**Exercise instructions**
Please print the line that holds "Blk 864 Jurong" and each line after it to the end of the data, word for word, without any pictures.

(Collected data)

____________

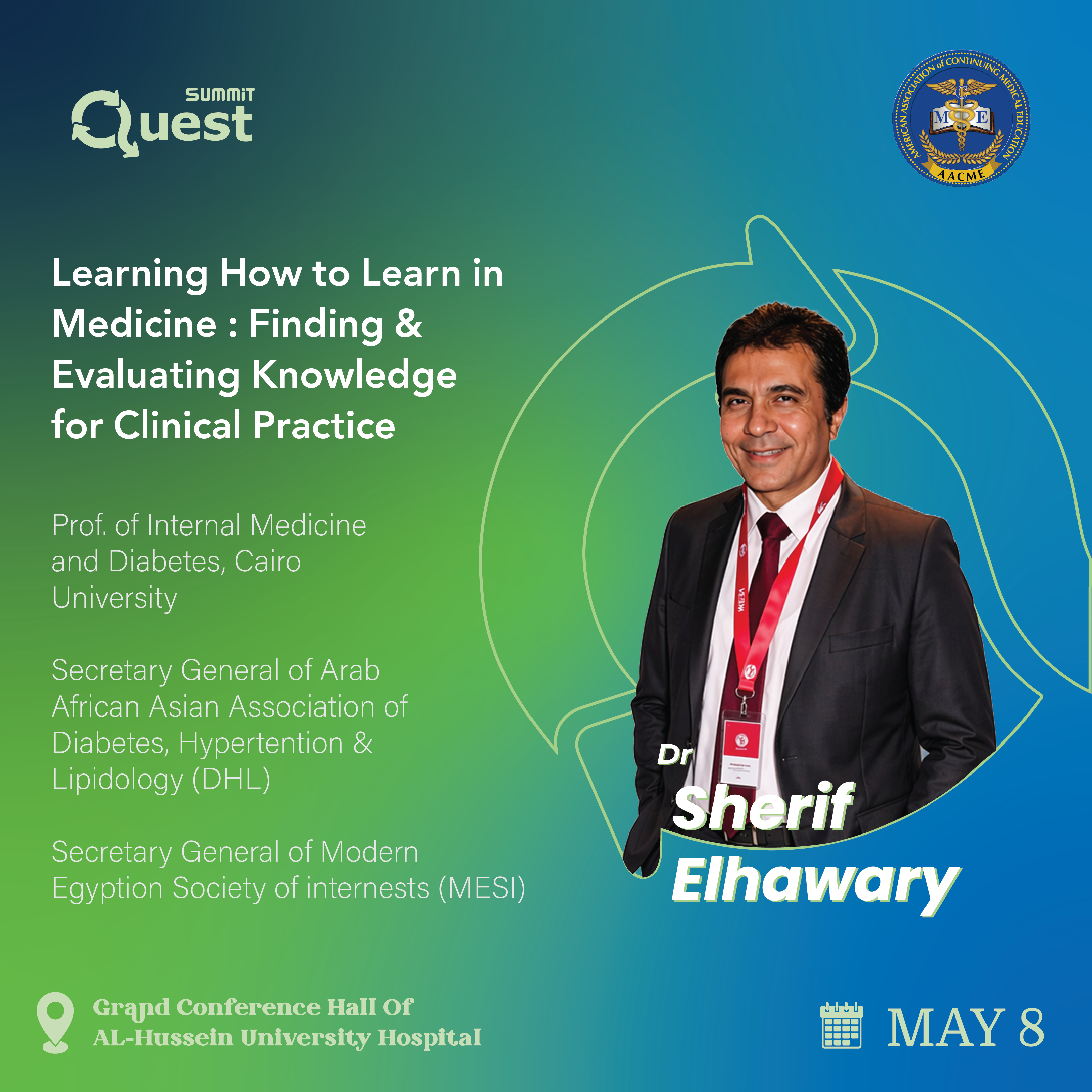 Dr. Sherif Elhawary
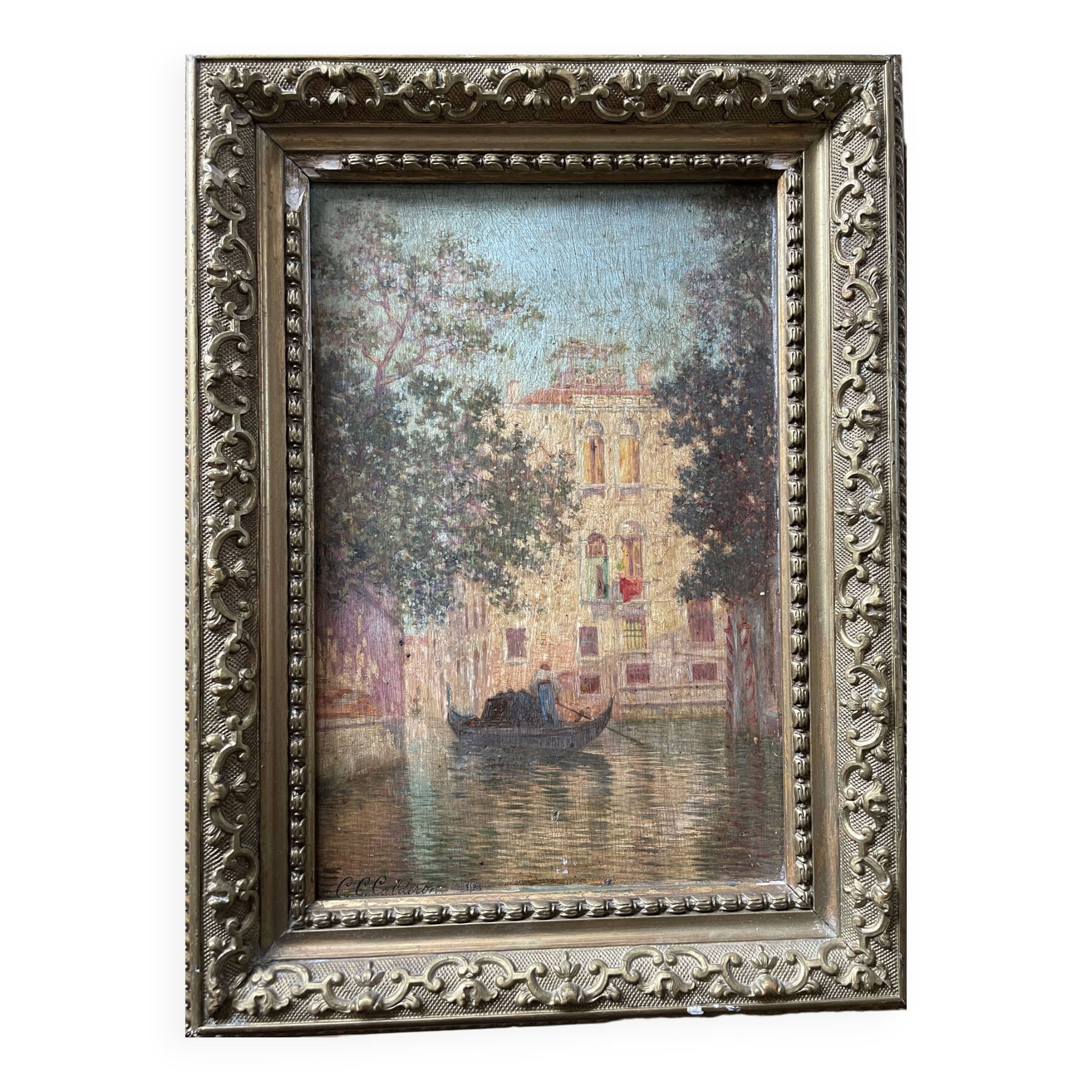 HSP Venice CC Calderon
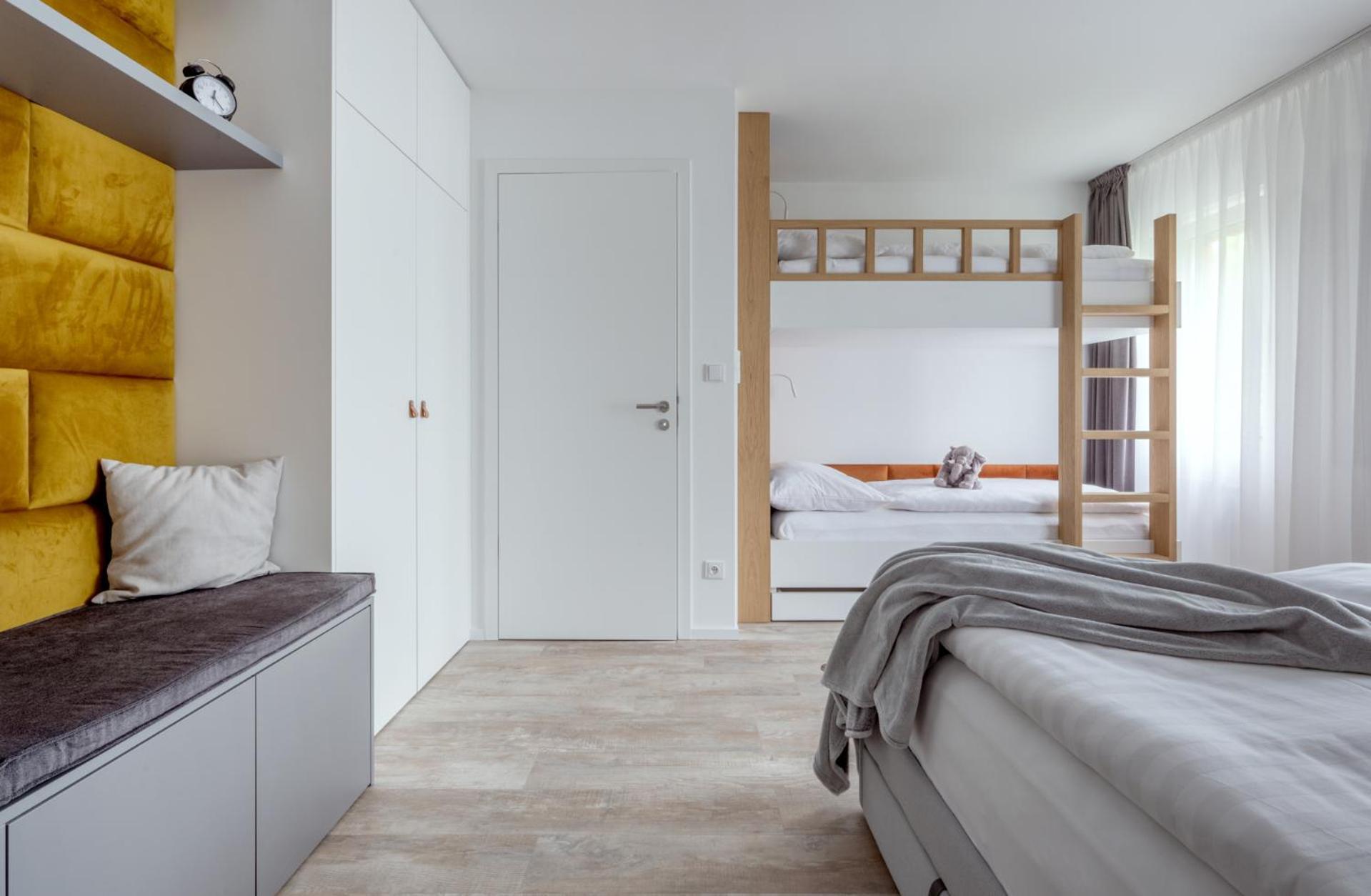 Apartmány u Lesa Dolní Morava Szoba fotó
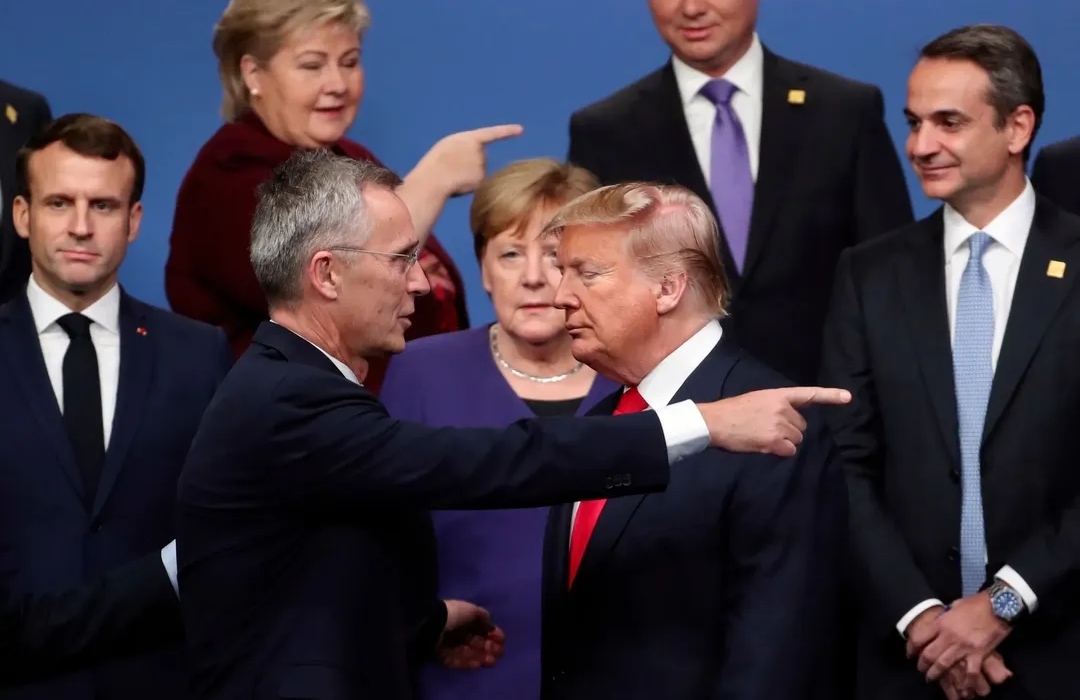 BREAKING: Trump Has Been Told to “Get the Hell Out of NATO” After He Issues a Terrible Order to Destroy… See More
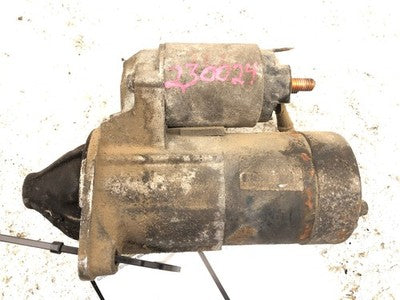 2002-2003 Mitsubishi Lancer Starter Motor 2.0L M377649d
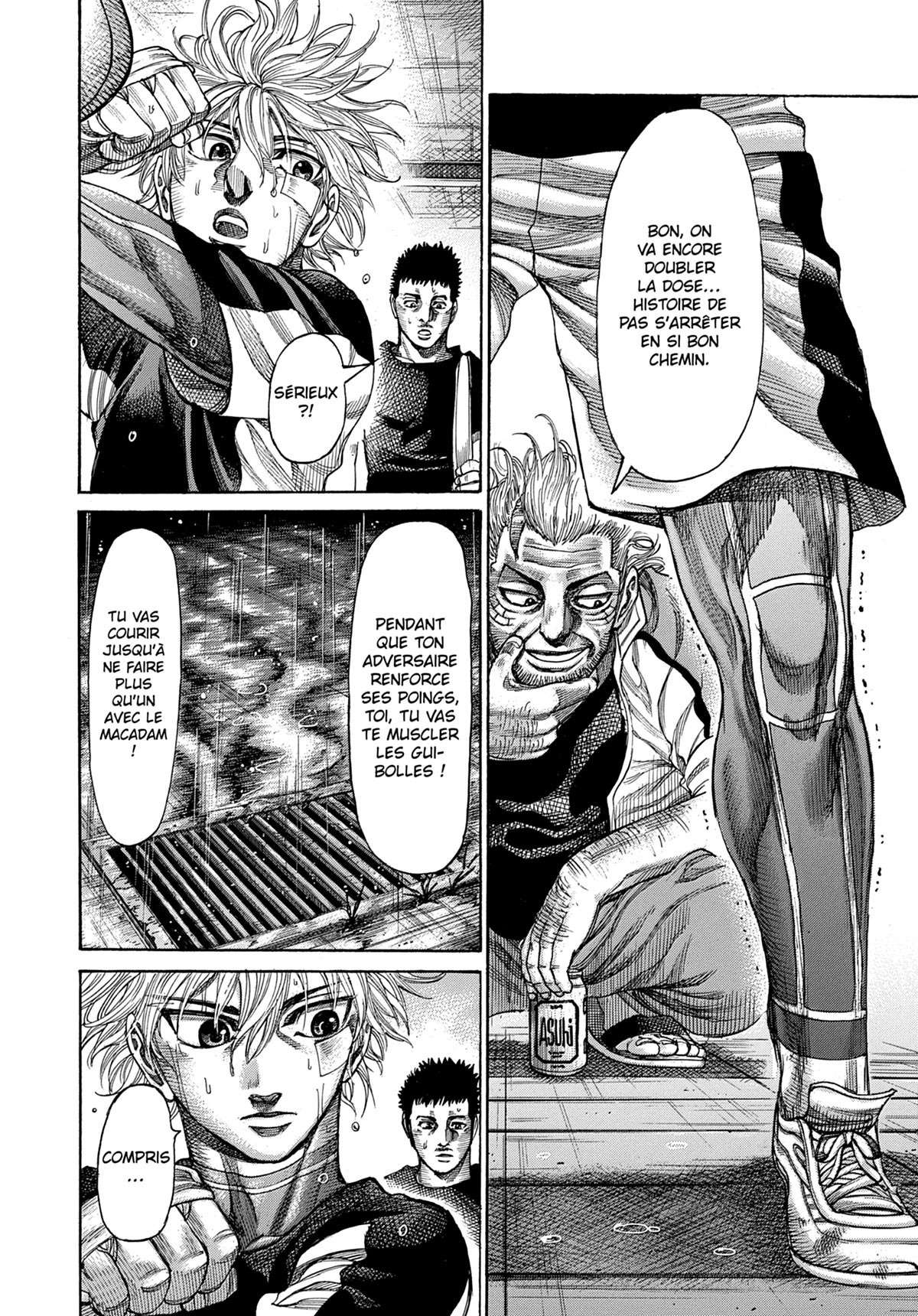 Read Riku-do FR Manga Online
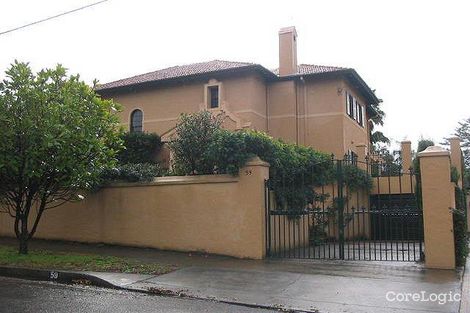 Property photo of 59 Kambala Road Bellevue Hill NSW 2023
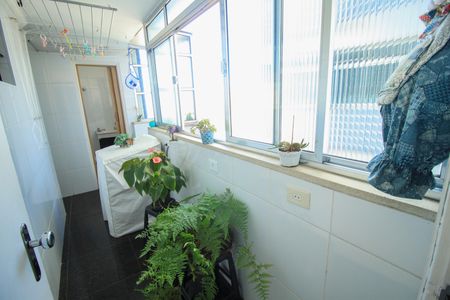 Apartamento à venda com 90m², 3 quartos e 1 vaga Apartamento à venda com 90m², 3 quartos e 1 vagaÁrea de Serviço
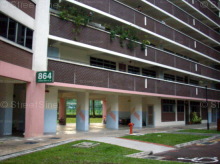 Blk 864 Jurong West Street 81 (Jurong West), HDB 4 Rooms #419482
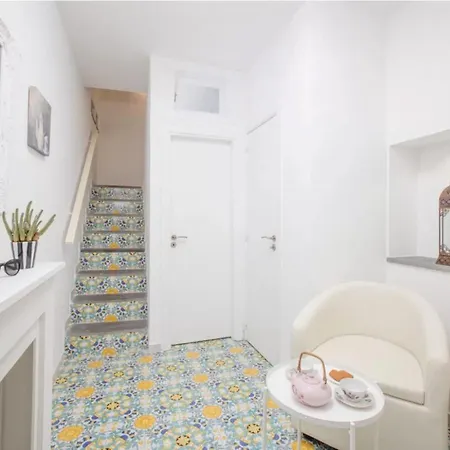 Brezza Marina-authentic Flat By The *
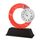 Rio Athletic Stop Watch Trophy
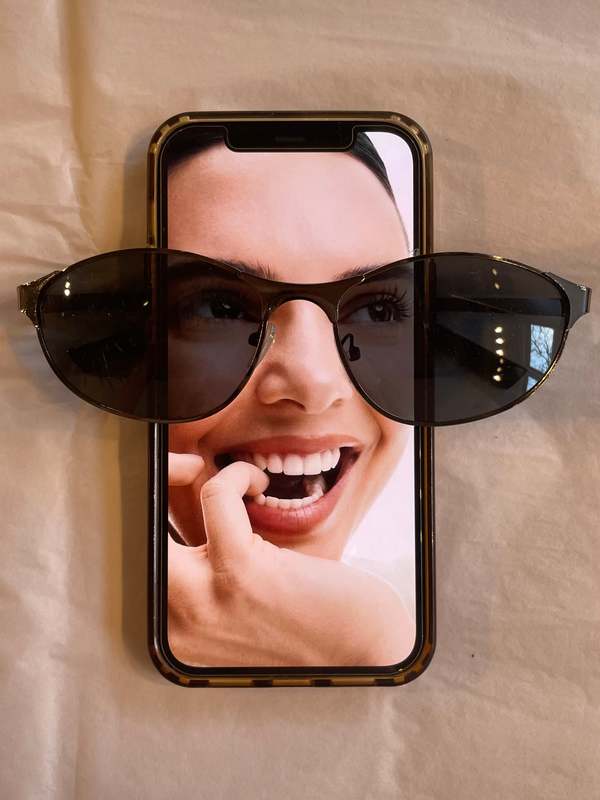 The NKC Store Nyra Sunglasses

____________

**Problem solution**
 Blk 864 Jurong West Street 81 (Jurong West), HDB 4 Rooms #419482
 Brezza Marina-authentic Flat By The *
 Rio Athletic Stop Watch Trophy
 The NKC Store Nyra Sunglasses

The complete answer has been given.